The LIS-Bibliometrics forum1 was established in 2010 to support librarians as they started to grapple with an increasing range of bibliometric tools, indicators and enquiries from their academic communities.2 Since its inception, it has grown to be an active international forum of not just librarians but research administrators, planners, academics and suppliers. The forum commissions and undertakes small-scale research projects, such as that by Cox et al.,3 runs regular practitioner-focused events and has established its own blog, The Bibliomagician.4 After a recent LIS-Bibliometrics event, some of the LIS-Bibliometric Committee members reflected that there seems to be too little engagement between the bibliometric practitioner community and an ever-increasing range of bibliometric and altmetric suppliers. The gap between their services and the community’s needs seemed to be widening. Were we the only ones that felt this way? How could we best start up a conversation with suppliers? Indeed, was there any consensus amongst end-users as to what their needs really were? The obvious first step was to ask them. So, using a methodology that had worked well for Clare Grace and Bernie Folan,5 the ‘Three things you want your metrics supplier to know’ survey was born.

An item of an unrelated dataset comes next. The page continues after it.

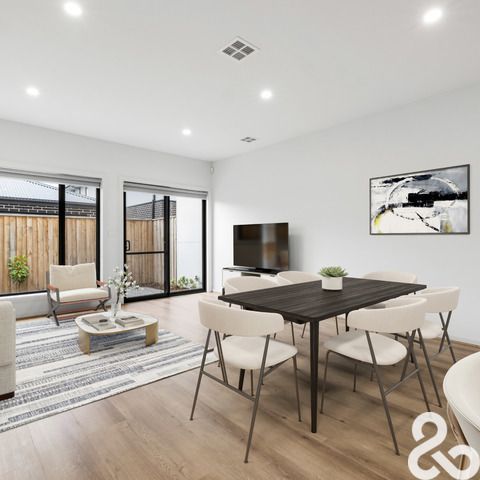 Modern & Low-Maintenance Living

The survey invited end-users (e.g. librarians, research managers, academics and planners) to complete three free-text boxes outlining what messages they would like to convey to suppliers. A fourth open comments box was also provided alongside questions asking for basic demographic information about their country, job role and, optionally, their institution. A list of bibliometric and altmetric tools was presented and respondents invited to select those they used regularly. The survey was advertised through the LIS-Bibliometrics, ARMA-SIG-Metrics and RESMETIG discussion lists and promoted on Twitter. It was quickly picked up on by some suppliers who were keen to get early access to the results, and they were helpful in further circulating the survey to their user communities. Responses were collected between 26 February and 26 March 2018.
The response data were coded, broken down into themes and then grouped to create some high-level messages. A second coder undertook an independent analysis of the responses and the two sets of outcomes were compared and synthesized to create this report.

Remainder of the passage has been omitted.